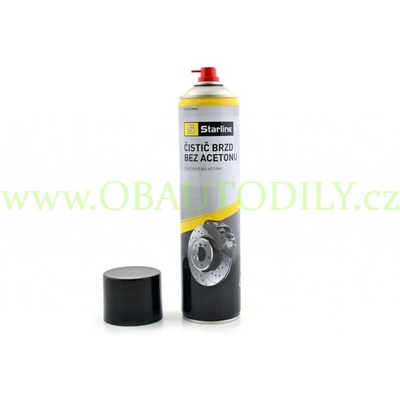 Starline Čistič brzd bez acetonu 300 ml – Zboží Mobilmania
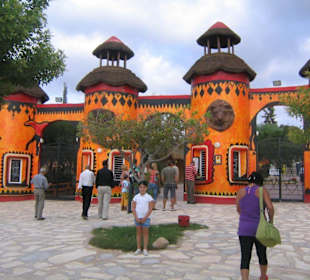 Eingang in den Tierpark
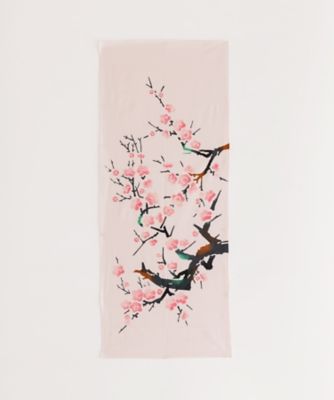 ＜戸田屋商店＞ 本染手拭 紅梅 【三越・伊勢丹/公式】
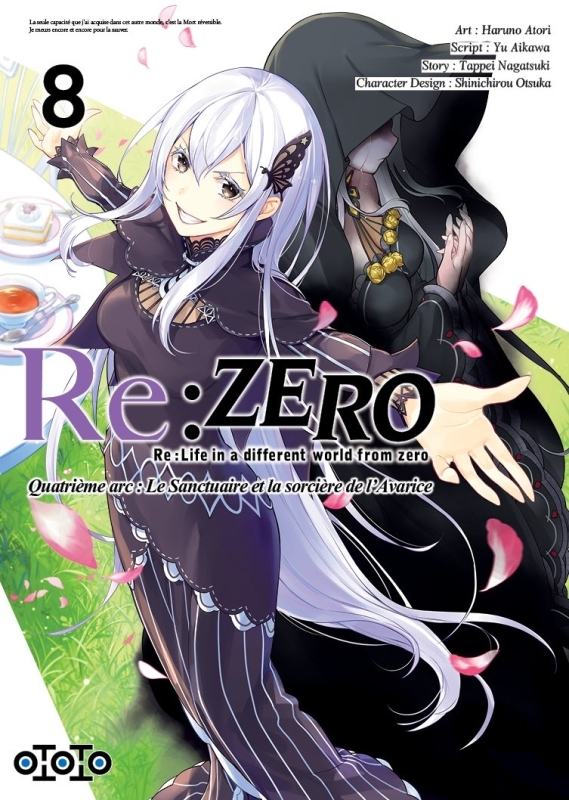 Re : Zero Arc 4 - Tome 08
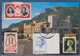 La Princesse Grace Carte Postale 1er Jour Monaco 24.3.93 N°1871 Le Palais Du Prince - Cartas Máxima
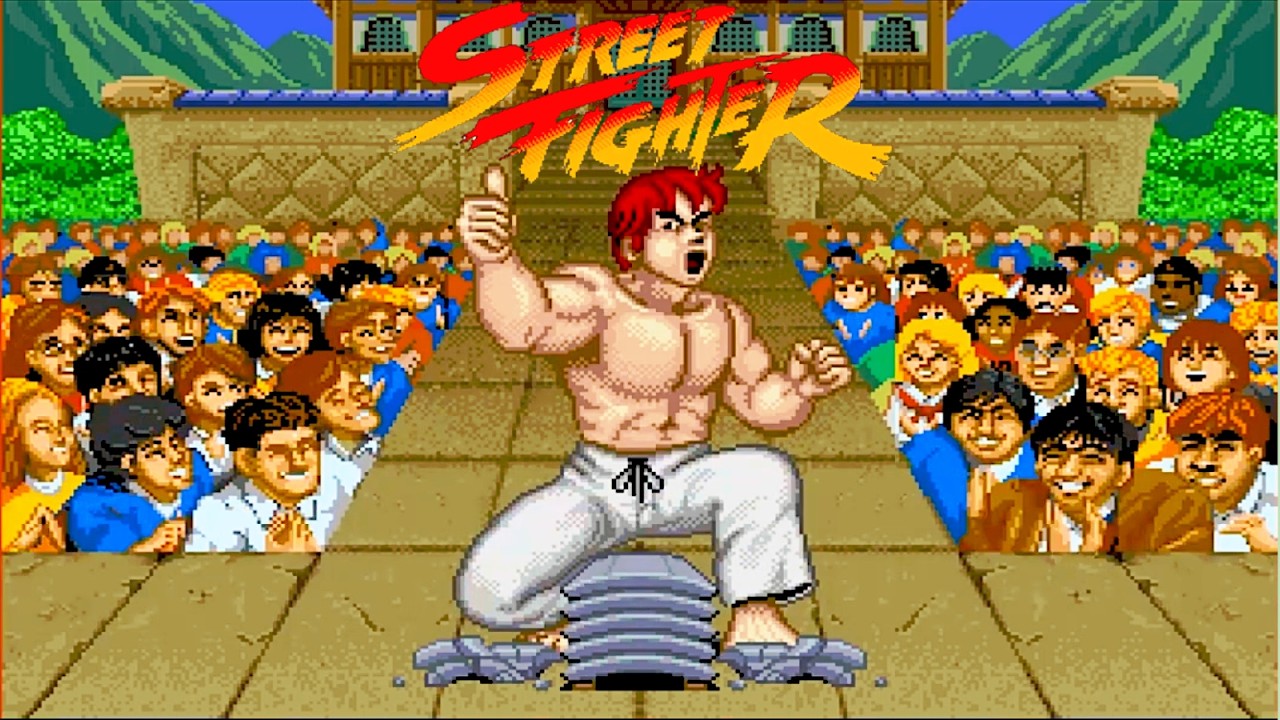 Street Fighter I *Ps4 ¤Arcade Mode - Usa¤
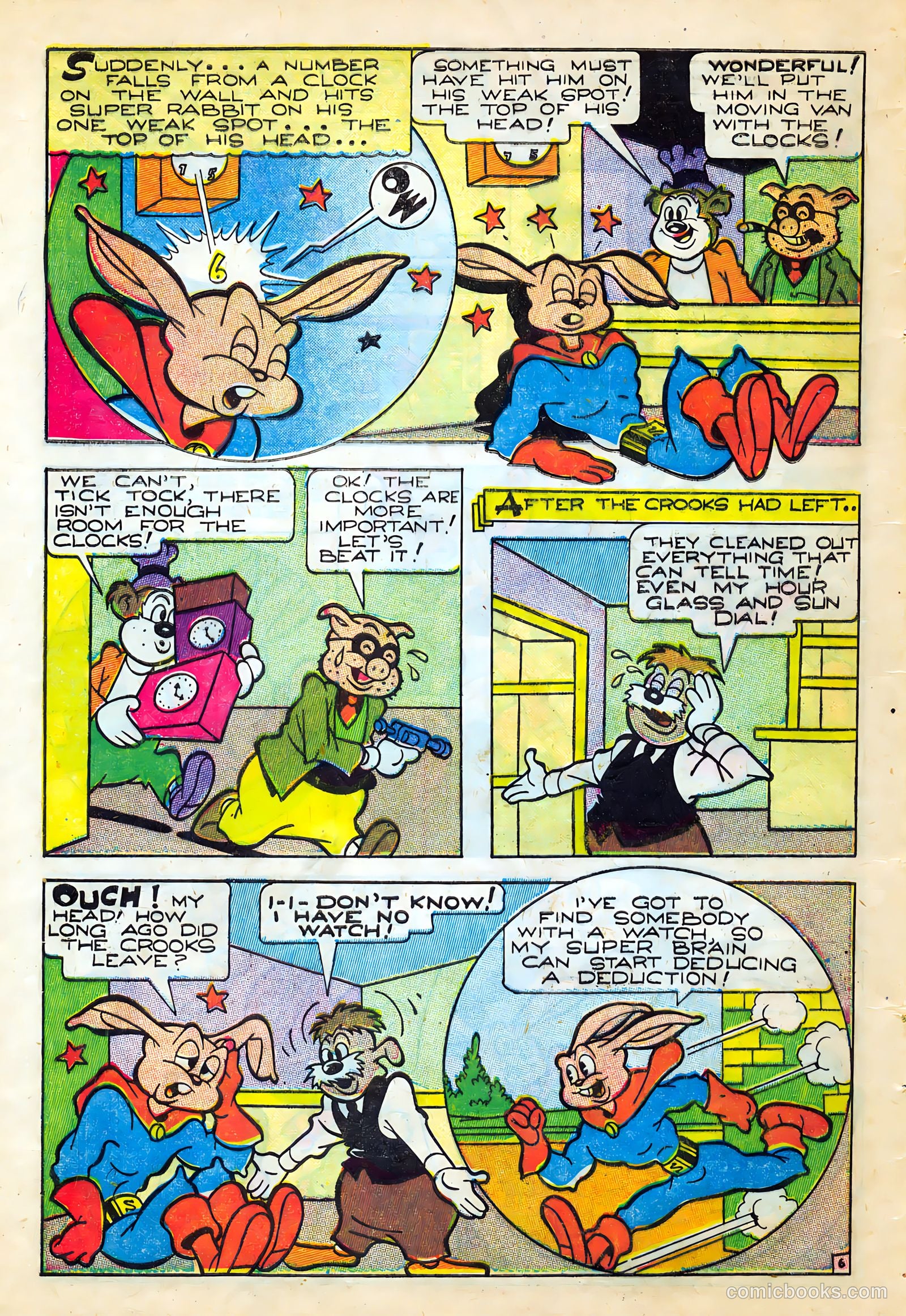 Billy and Buggy Bear #7 — page 8 of 36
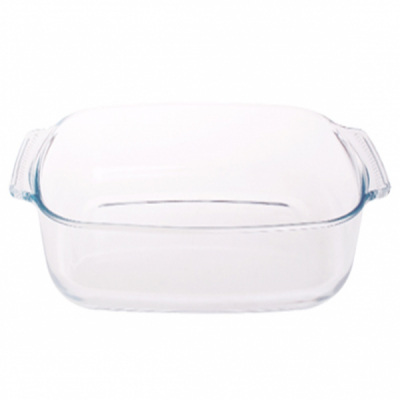 Vas din Sticla Termorezistenta Dreptunghiular 2.7L Caldo KP2700RC JGR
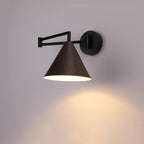 Nordic Minimalist Adjustable Swing Arm Wall Sconce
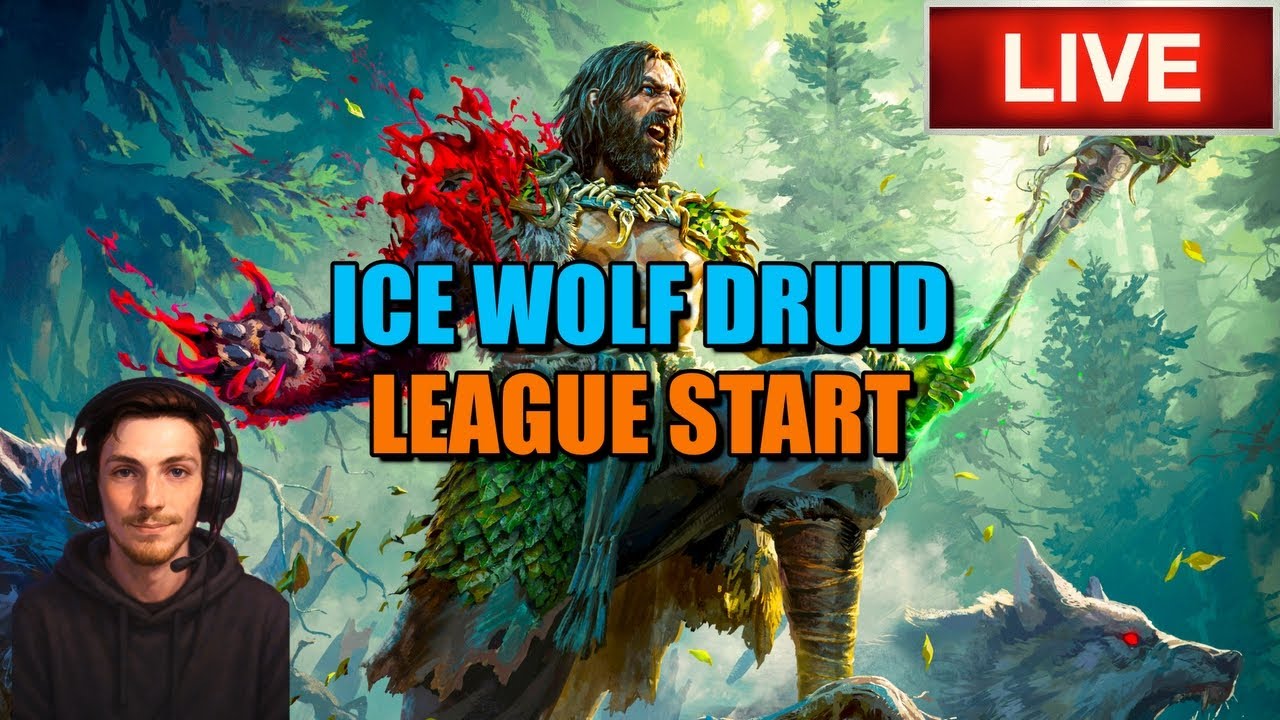 🔴Catch Up Day – Ice Wolf ONLY TODAY | POE 2 0.4 DAY 2🔴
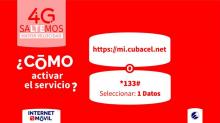 Etecsa oferta nuevos servicios de Internet por 4G/LTE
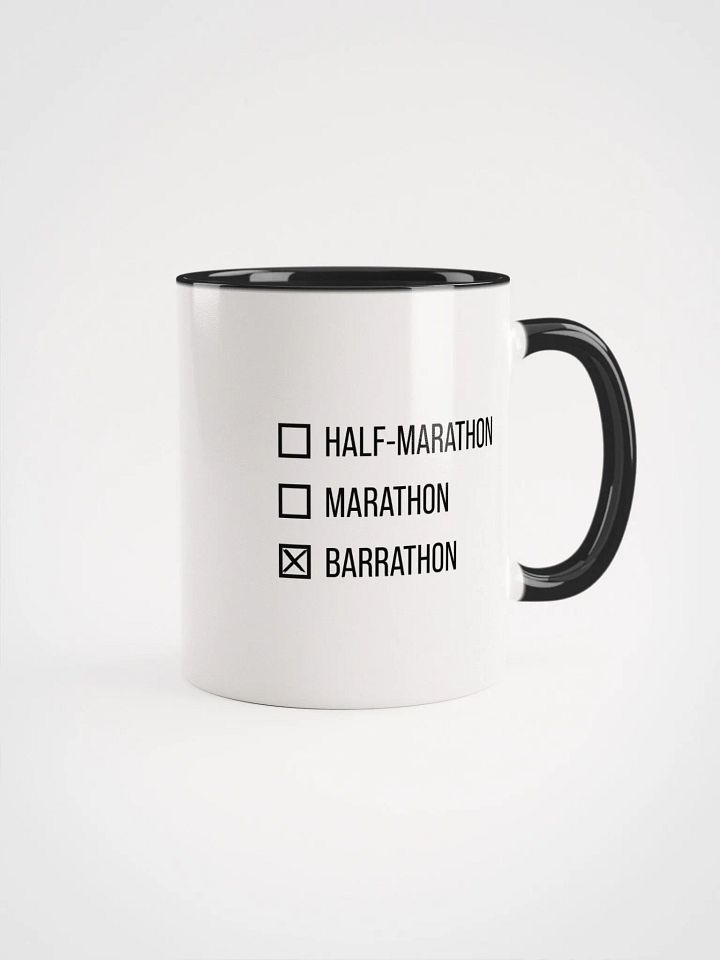 Barrathon | Mug product image (2)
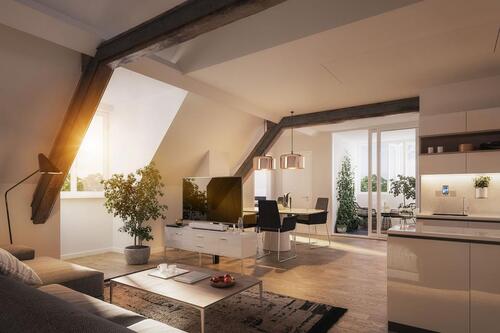 Foto - Etagenwohnung zur Miete in Fürstenberg/Havel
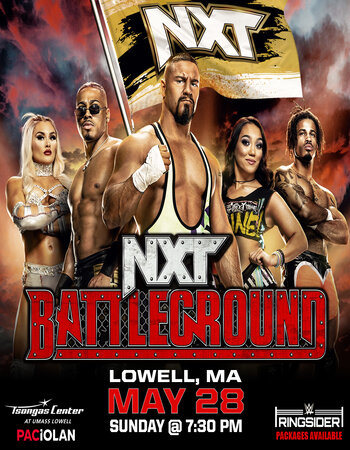 WWE NXT Battleground (2023) Main Event 720p 480p WEBRip Full Show Download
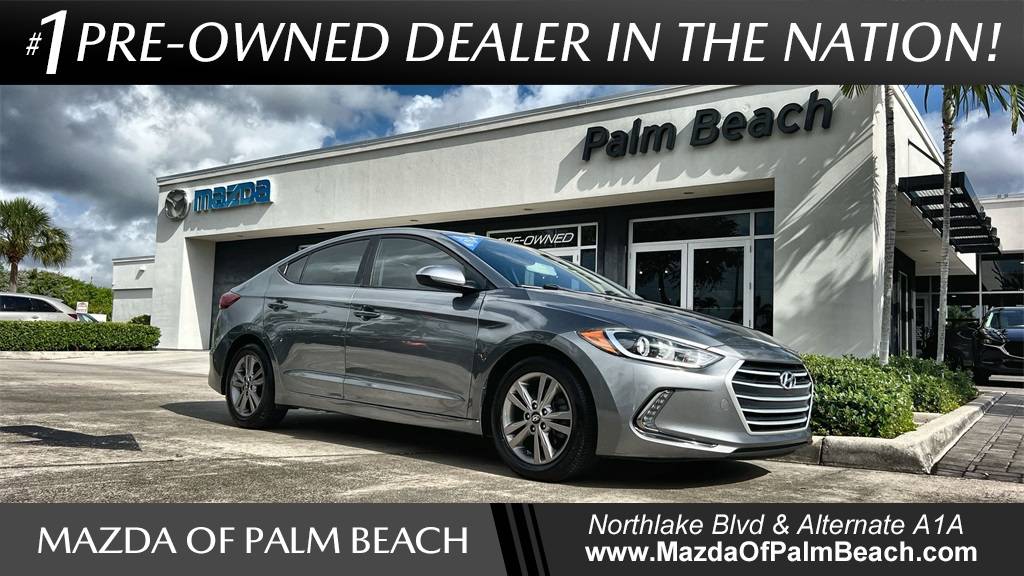 2018 Hyundai Elantra Value Edition — Sedan — 73,876 mi — North Palm Beach, FL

┄┄┄┄┄┄┄┄┄┄┄┄┄┄┄┄┄┄┄┄

◆ What the exercise asks: Using the data above, retype exactly the lines from the line with "2 0.4 DAY 2🔴" to the line with "WWE NXT Battleground", inclusive. No pictures and nothing else.

◆ Completed exercise:
 🔴Catch Up Day – Ice Wolf ONLY TODAY | POE 2 0.4 DAY 2🔴
 Etecsa oferta nuevos servicios de Internet por 4G/LTE
 Barrathon | Mug product image (2)
 Foto - Etagenwohnung zur Miete in Fürstenberg/Havel
 WWE NXT Battleground (2023) Main Event 720p 480p WEBRip Full Show Download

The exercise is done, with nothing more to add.